Listed records below:
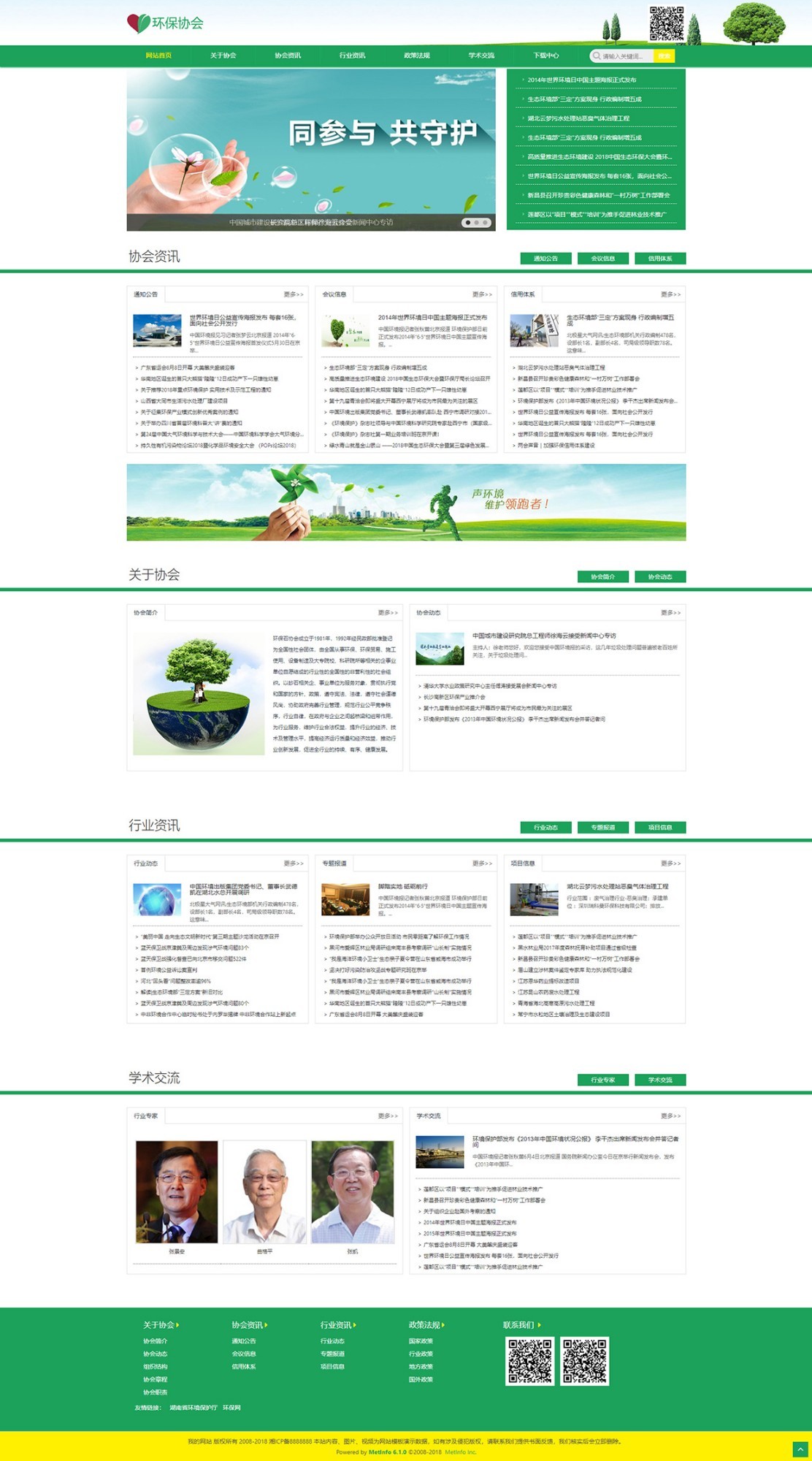 环保协会网站
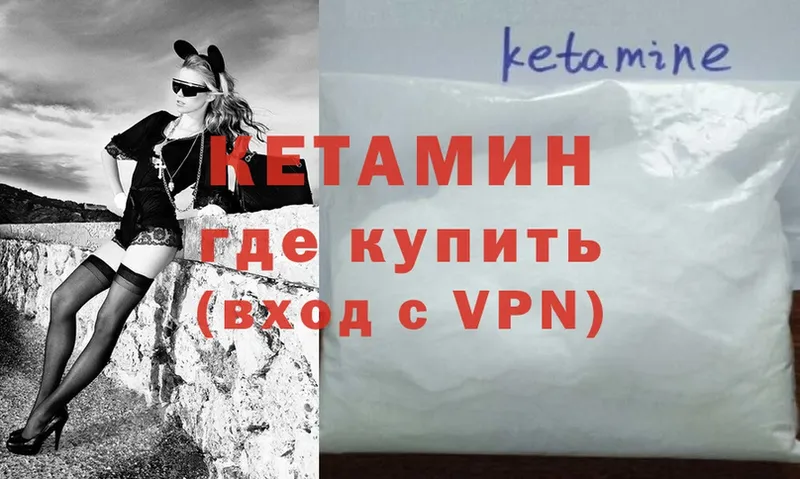 даркнет сайт  гидра зеркало  КЕТАМИН VHQ  Аргун 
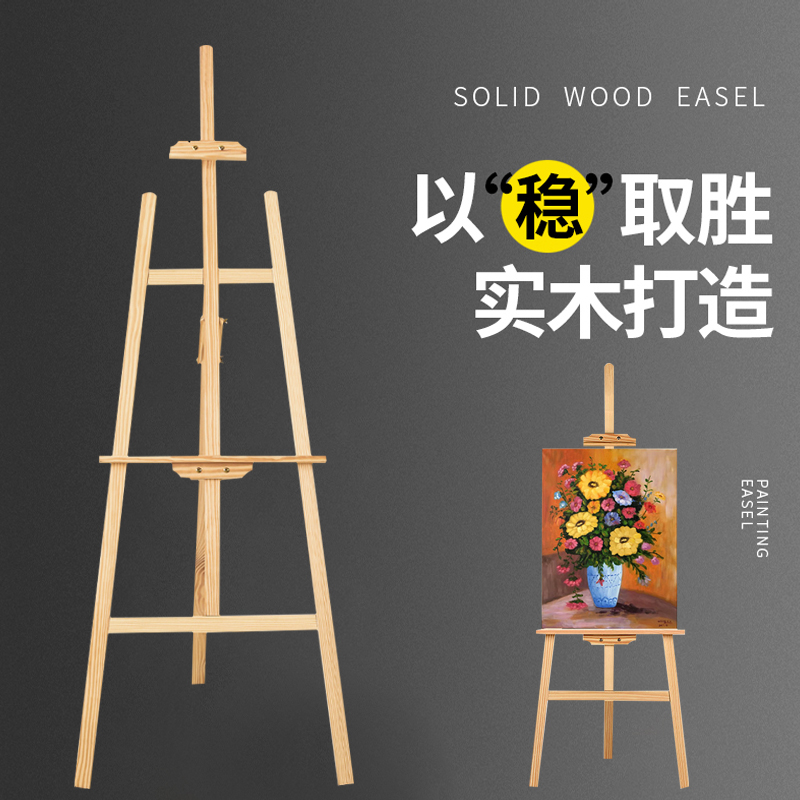 1.75米实木画架支架折叠绘画素描写生木质简易W油画架美术生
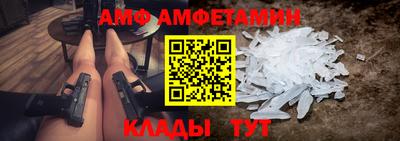 мефедрон мука Берёзовский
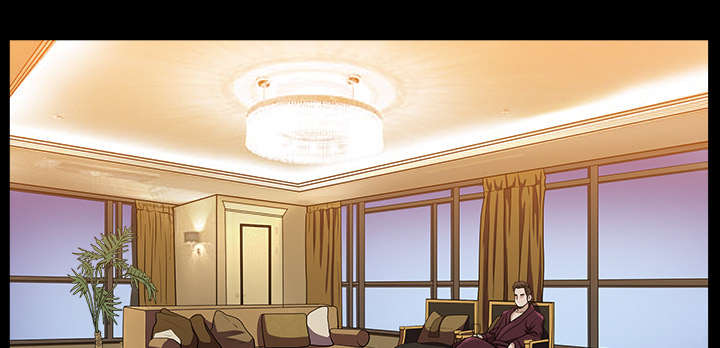 全职煮夫漫画,第41章：疑惑5图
End of Listed records.
Your copy should match the data above exactly, apart from the pictures.

* Response to this exercise
 环保协会网站
 даркнет сайт  гидра зеркало  КЕТАМИН VHQ  Аргун 
 1.75米实木画架支架折叠绘画素描写生木质简易W油画架美术生
 мефедрон мука Берёзовский
 全职煮夫漫画,第41章：疑惑5图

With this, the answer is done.